Seit am 10. April 1969 ein Meteorit über Otterskirchen gesichtet wurde, bedachte die Weltöffentlichkeit die niederbayerische Gemeinde nicht direkt überschwänglich mit ihrer Aufmerksamkeit. Das könnte sich nun ändern: die Otterskirchenerin Alina Striedl hat im Keller ihres Elternhauses auf einem umfunktionierten Billardtisch einen Pophit geschrieben. Ihre Piano-Ballade "Verlierer" stand Ende 2020 auf Platz 3 der deutschen Charts. Ein Handyvideo, von ihr selbst spät nachts bei Tiktok hochgeladen, hatte das Stück in den sozialen Netzwerken vor die Augen von Millionen Menschen gespielt. Mit einer Akustik-Version des Songs "Highway" hat es Luna, wie sie sich als Künstlerin nennt, aktuell wieder in die Youtube-Trends geschafft. In Trainingsjacke und Basecap sitzt die Teenagerin im Musikvideo an einem Flügel und singt von schnellen Autos mit getönten Scheiben.

"Schon im Kindergarten war ich kein typisches Mädchen. Ich habe keine rosa Kleidchen getragen und anstatt Barbies, Autos bevorzugt", erzählt sie stolz.
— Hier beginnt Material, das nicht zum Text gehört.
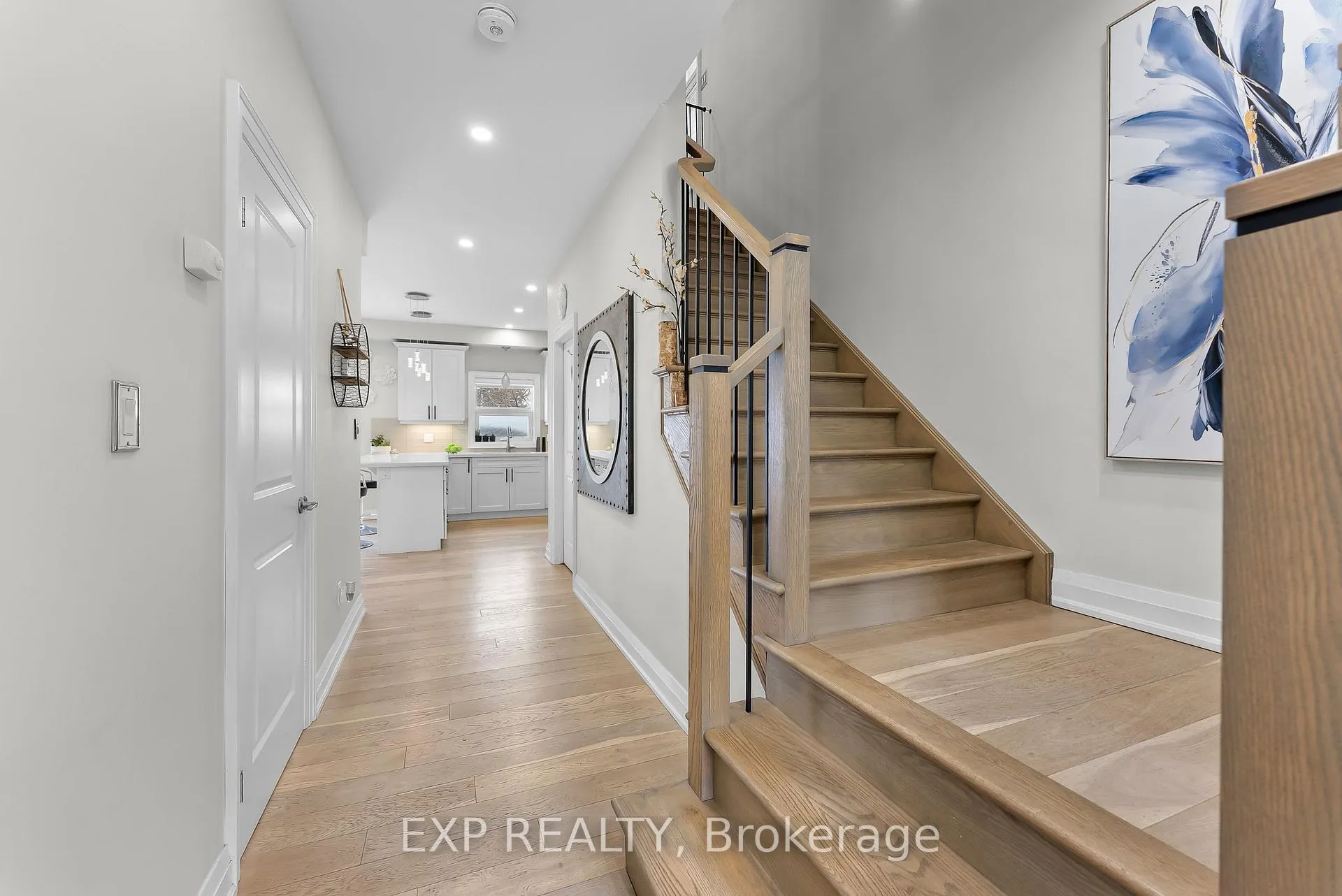 Photo 4 of 8 Leeson Street, St. Catharines, Burleigh Hill — HOMEH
Am liebsten hätte sie aber damals schon, erinnert sie sich, auf dem Keyboard des Großvaters "rumgeklimpert". Zum Beweis zeigt sie ein Foto aus dem Familienarchiv, auf dem sie mit breitem Zahnspangenlächeln in der großelterlichen Garage zur Tat schreitet. Alina Striedl weiß früh, dass sie nicht Prinzessin, sondern Sängerin wer-den will. Als Zehnjährige nimmt sie Klavierunterricht. Mit Tutorials bringt sie sich neben der Schule bei, wie man Berge an Boxen, Monitoren und Mischpulten zu einem Studio verkabelt.
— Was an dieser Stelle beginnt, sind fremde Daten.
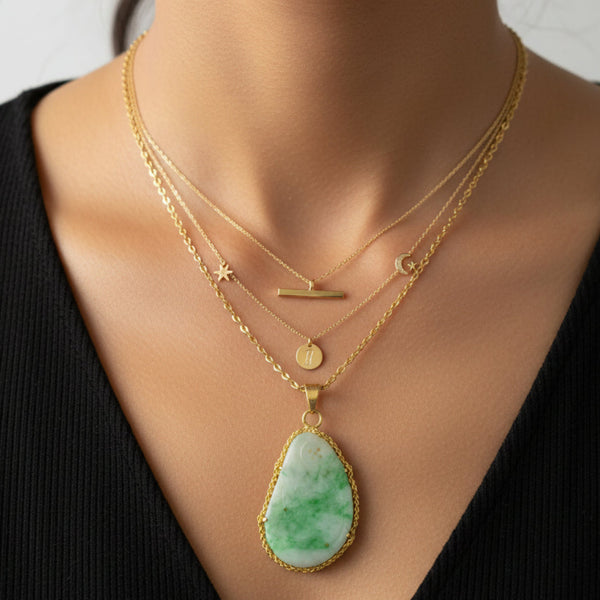 Vintage 14K Gold Pierced Carved Jade Pendant Necklace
Jeden 24. Dezember bekommt sie neue Arbeit. "Zu Weihnachten habe ich mir jedes Jahr Equipment gewünscht - und so kam mit der Zeit immer mehr dazu." Trotz harter Arbeit, bleibt Lunas großer Durchbruch lange aus. Mit ihrem Song "Verlierer" ändert sich das im Dezember 2020 über Nacht. Das wacklige Handyvideo eines Mädchens am Klavier, das sie ohne jede Werbekampagne beim chinesischen Videoportal Tiktok hochlädt, geht um die Welt. Typisch für die Plattform singen Tausende ihre Zeilen in eigenen Videos anschließend nach. Den Hashtag #lunaverlierer nutzten Millionen User.

Luna Screenshot

Ein Handyvideo mit einem Mädchen am Klavier bringt Luna bei TikTok den Erfolg. Tausende singen ihre Zeilen nach.

(Foto: Screenshot/www.tiktok.com/@lunamusicc)
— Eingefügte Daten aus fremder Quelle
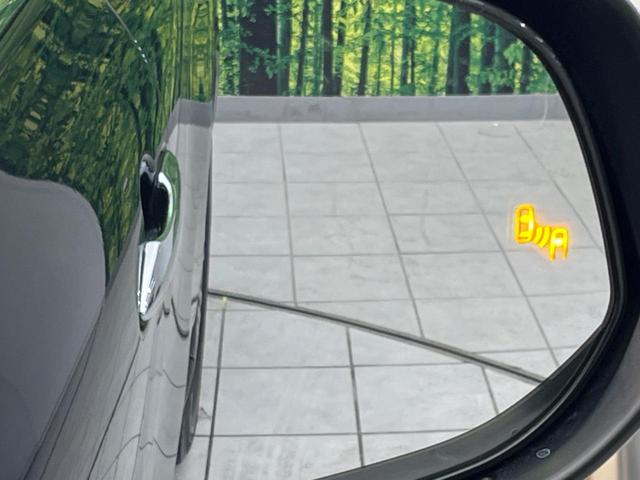 �y�u���C���h�X�|�b�g���j�^�[�z���s���A�h�A�~���[�̎��p�ɂȂ�₷���ӏ��Ɍ㑱�Ԃ��ڋ߂���ƃT�C�h�~���[�̃����Y�Ɍx����\���I�h���C�o�[�ɒ��ӊ��N�����Ă���܂��B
Luna spricht vielen an der Liebe Leidenden aus der Seele. Ihr düsteres Stück erzählt von einer toxischen Beziehung, die sie überwinden will. Das Helle, Flehende in ihrer Stimme trifft das Gefühl, jemanden gehen lassen zu müssen, den man nicht gehen lassen will, in diesen fünfzig Sekunden perfekt. Der Twist: Das Lied handelt nicht von der Trennung von einem Mann, sondern von einer Frau.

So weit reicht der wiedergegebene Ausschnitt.